Together with his best buddy Junior and Thomas, he starts Coyote Springs, a band that after some rocky beginnings manages its way off the reservation (‘’anywhere off the reservation,’ Thomas said ‘ ,is along ways from the reservation’’), first to the Flathead Indian Reservation and later to Seattle, eventually landing in New York City. In between they get helped and/or distracted by a variety of imaginatively conceived characters, such as Flathead sisters Chess and Checkers Warm Water and Seattle New Agers Betty and Veronica, who briefly join Coyote Springs only to leave both the band and the reservation because ‘it’s nuts here’. Also always lurking in the shadows are the-man-who-was-probably-Lakota and Big Mom, a mystical figure living high up on Wellpinit Mountain where she is joined by Robert Johnson. Things take a decidedly turn for the worse after the audition in New York City goes less than ideal and the hoped-for path to stardom curtailed. Back on the reservation, Junior takes his own life and the band gets scattered with the wind.
Things of course don’t go by without a myriad of complications and hiccups, such as various little and big tiffs between various members of Coyote Springs, beautiful Checkers Warm Waters falling in love with the reservation priest Father Arnold, and the continuing struggle with money worries.
The writing is once again wonderfully unique and steeped in mystique, such as in the last sentence of the book ‘Checkers and Chess reached out of their windows and held tightly to the manes of those shadow hoses running alongside the blue van’.
I wasn’t that totally captivated by his writing style as when I was reading The Lone Ranger And Tonto… but that might only because the short story collection was the first book I read by Sherman Alexie and his writing style was brand new to me then.
As in that book, the humdrum tragedy of life on an Indian reservation are very much in the focus of the book, as witnessed in conversations such as this one by Father Arnold and Checkers Warm Waters: ‘Does everything have to be about money?’ ‘Of course it does. Only people with enough money ever ask that question anyway’.

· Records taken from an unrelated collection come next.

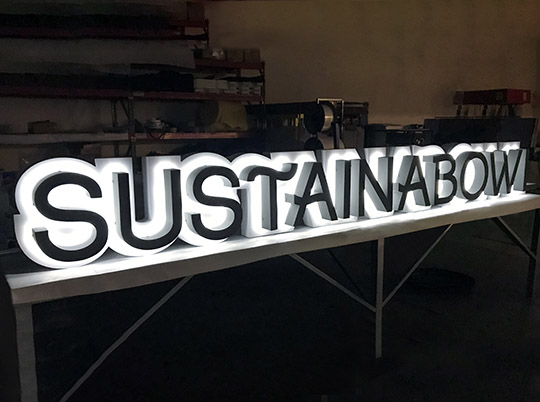 Custom Reverse Lit Letters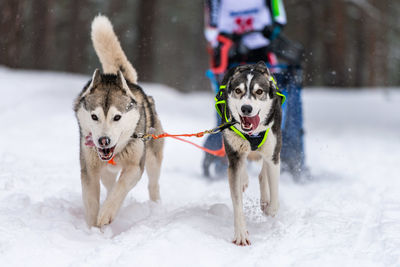 View of dog standing on snow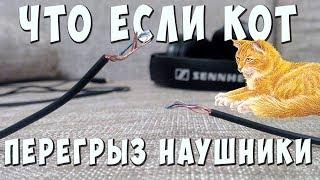  Что делать если кот перегрыз провод? Как спаять провод наушников? 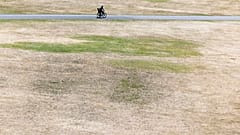 El río Rin, en Alemania, afectado por la sequía que han provocado las altas temperaturas en el país.. 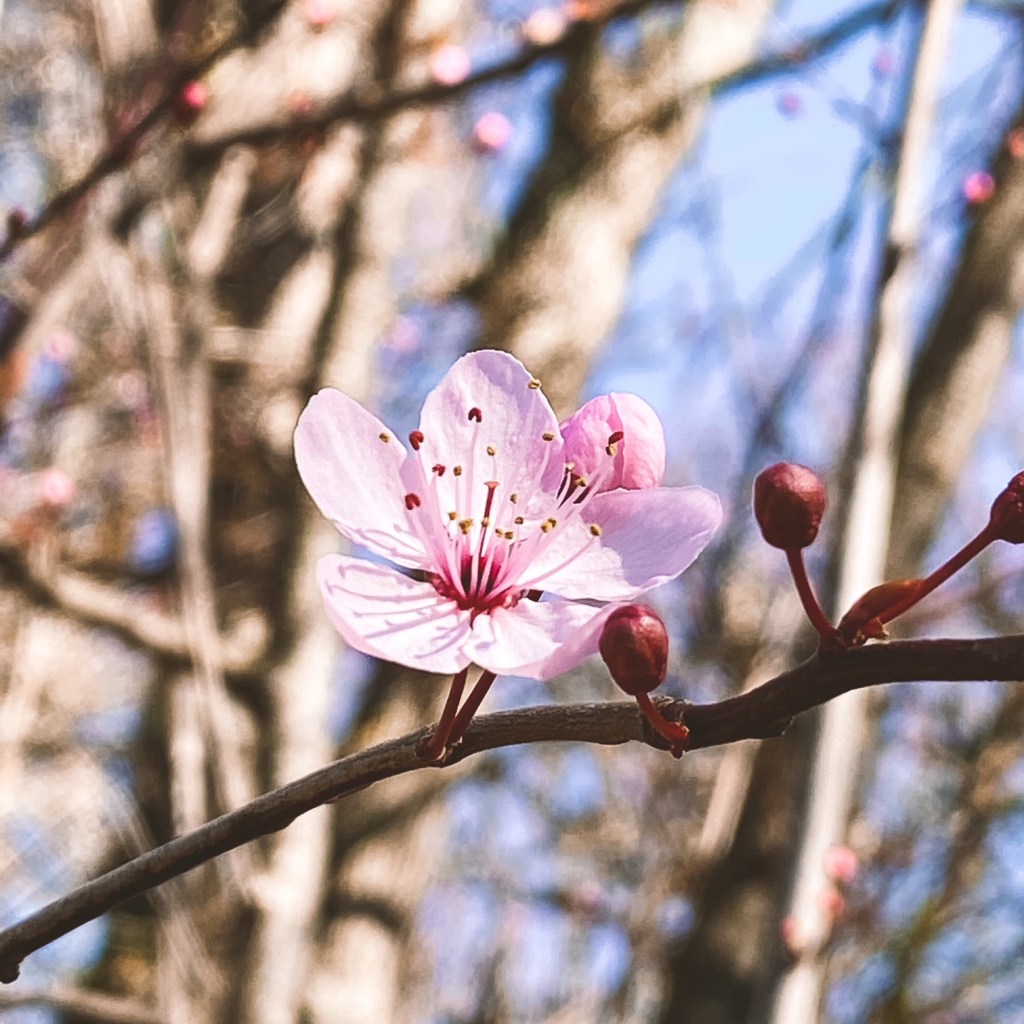 Avant-goût de printemps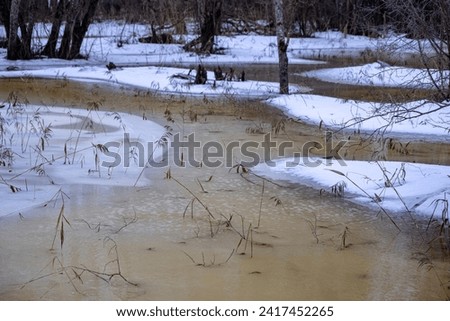 Melted water over ice and snow in swamp in the end of the winter. Winter day in the forest. Floods in swamp pond in Latvia forest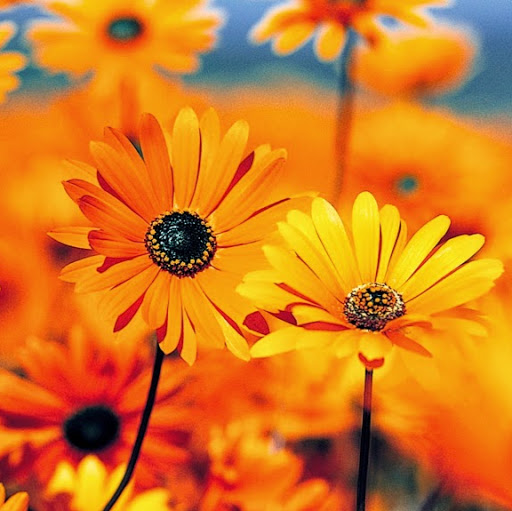 Ваня Ребров Дмитреевичь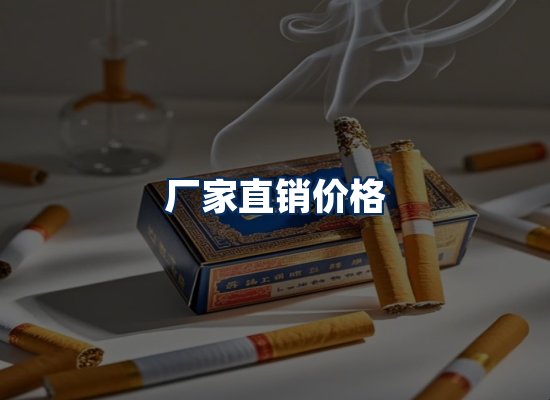 专业团队办公环境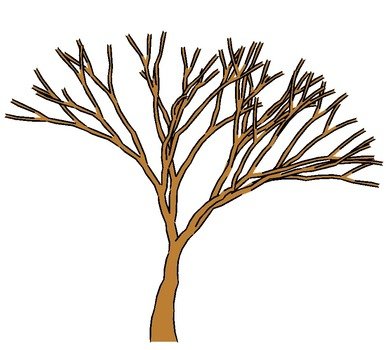 clipart of the leafless tree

Speaking for Sherman Alexie is the fact that none of the often rather serious subject matter is written in an educational or preachy way. On the contrary, he manages to convey the things he wants to say in an often downright hilarious, even wacky way, without sacrificing his messages or diluting the comments and observations of the harsh realities of life on an Indian reservation and the continuing struggle Native American society is experiencing. Which is one of the main reasons endearing his work to me so much. Reservation Blues is an extraordinarily well-conceived story featuring a great cast of memorable characters. All of which are written about with loving attention to detail, culled both from reality and the inventive mind of Sherman Alexie, who as a mixed Spokane/Couer D’Alene is uniquely well-adapted to write about these things. As for my attraction to his writings and all things Native American, that attitude of the ‘white man’ gets addressed numerous times in the book too, such as in the scenes with Betty and Veronica, so that’s given me a chance to reflect on my motivations, which is making his books particularly relevant to myself and a lot of other people reading them.